In the course of our extensive coverage of the spreading plague of patent false-marking suits, we opined that the courts were likely to focus on “standing” – or the lack thereof – as a means of reining in runaway trolls. Well, we were right. (Shizzle Pop, LLC v. Aviva Sports, Inc. et al. and United States of America, et al. v. WHAM-O, Inc.) (Yes, folks, a TWOFER.)
In an outstandingly well reasoned and well articulated opinion, Judge Schwab, of the U.S. District Court for the Western District of Pennsylvania, delved into the constitutional requirements for a qui tam action (Latin phrase meaning “opportunist who sues ostensibly in behalf of the government and keeps half of whatever he collects”) and held that FLFMC, LLC – the et al. in the WHAM-O case – lacked standing to sue for false marking. Citing to Supreme Court precedent, Judge Schwab noted that standing required, inter alia, that a plaintiff in a qui tam action “must show an injury-in-fact, a harm that is ‘both concrete and actual or imminent, not conjectural or hypothetical’” and also must “demonstrate a likelihood that the requested relief will substantially remedy the injury-in-fact.” He then held that “[i]n this case, there is no quantifiable, concrete injury to the United States or to FLFMC…” and “[a] violation of law alone is not enough to establish an injury-in-fact under general standing principles.” Case dismissed.
Judge Klausner, of the U.S. District Court for the Central District of California, came to much the same conclusion in the Shizzle Pop case – albeit in a much shorter opinion. “[A] plaintiff must support an alleged injury with additional factual pleadings, and such injury must be concrete and particularized, and actual or imminent … mere legal conclusions are insufficient, and a formulaic recitation of the elements will not do.” Case dismissed.
THE LESSON TO BE LEARNED: Unless the marking trolls can come up with a new and convincing theory of how false marking actually injures the public, the bringing of these actions will henceforth be limited to ones by actual competitors of the (alleged) mismarker.
Thanks Geniuses, how do you reconcile the "outstandingly well reasoned and well articulated opinion" of Judge Schwab with the fact that the Federal Circuit in Pequignot reached the merits of a case in which the plaintiff was a non-competitor? Since all federal courts, including the Supreme Court, must assure themselves that they have subject matter jurisdiction (i.e., that the plaintiff has standing) before reaching the merits, hasn't the Federal Circuit decided sub silentio that non-competitors have standing?
This decision seems to directly contradict the CAFC's recent ruling in Stauffer v. Brooks Bros., which indicates that the U.S. presumptively has standing to sue in false marking cases. As reported by the Patently-O blog, the CAFC ruled that:
"Congress has, by enacting section 292, defined an injury in fact to the United States.
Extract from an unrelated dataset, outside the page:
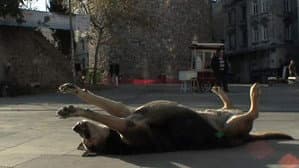 Taşkafa, Stories of the Street — foto 1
In other words, a violation of that statute inherently constitutes an injury to the United States. In passing the statute prohibiting deceptive patent mismarking, Congress determined that such conduct is harmful and should be prohibited. The parties have not cited any case in which the government has been denied standing to enforce its own law. Because the government would have standing to enforce its own law, Stauffer, as the government’s assignee, also has standing to enforce section 292."